** Opening Data segment block **

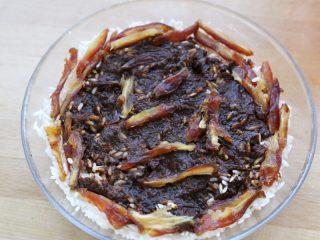 3、早餐+甑糕,9.再来一层糯米盖住豆子，然后铺一层红枣加蜜枣。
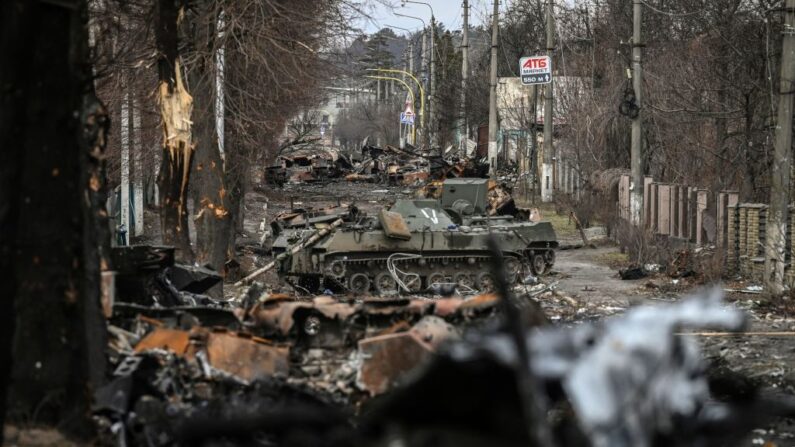 Véhicules blindés russes détruits dans une rue de la ville de Bucha, à l'ouest de Kiev, le 4 mars 2022. (ARIS MESSINIS/AFP via Getty Images)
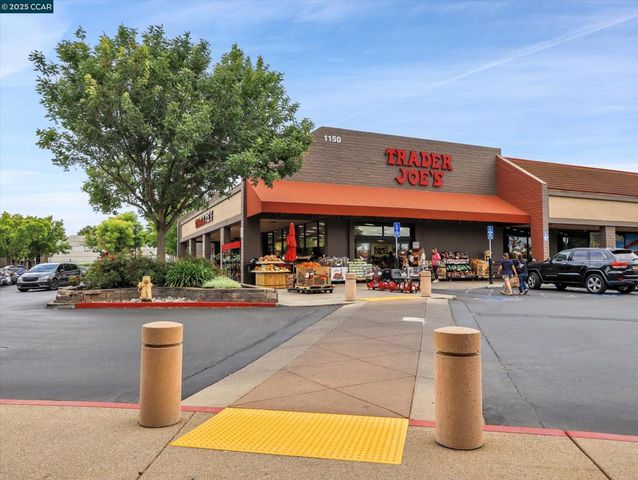 2860 Laguna St, Concord, CA 94518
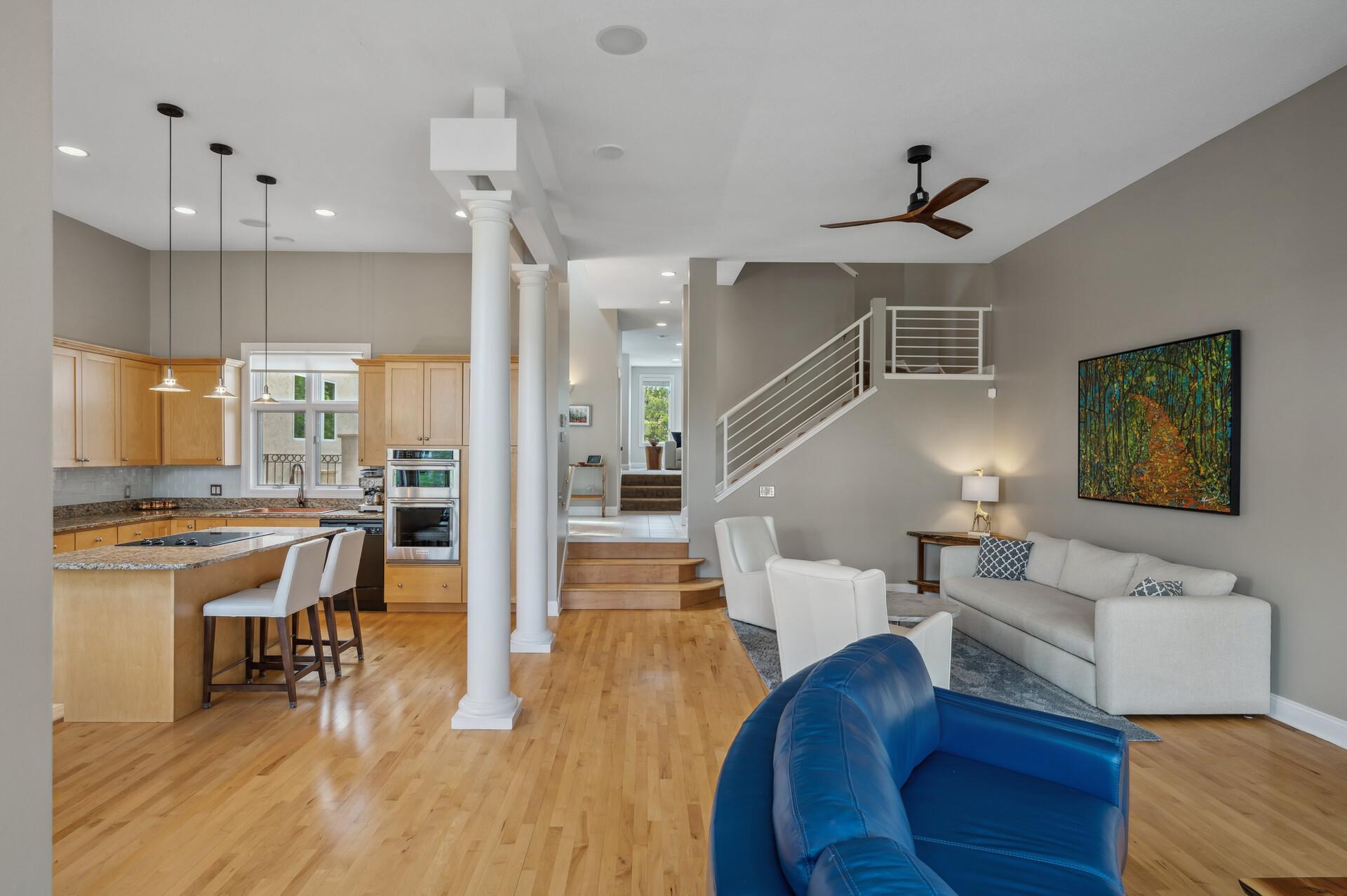 Minneapolis, Minnesota, 55401, United States, 4 Bedrooms Bedrooms, ,4 BathroomsBathrooms,Residential,Active,2003546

** Closing Data segment block **

**Problem description**
Skip the images and set down the rest of the data unchanged.

**Finished exercise**
 3、早餐+甑糕,9.再来一层糯米盖住豆子，然后铺一层红枣加蜜枣。
 Véhicules blindés russes détruits dans une rue de la ville de Bucha, à l'ouest de Kiev, le 4 mars 2022. (ARIS MESSINIS/AFP via Getty Images)
 2860 Laguna St, Concord, CA 94518
 Minneapolis, Minnesota, 55401, United States, 4 Bedrooms Bedrooms, ,4 BathroomsBathrooms,Residential,Active,2003546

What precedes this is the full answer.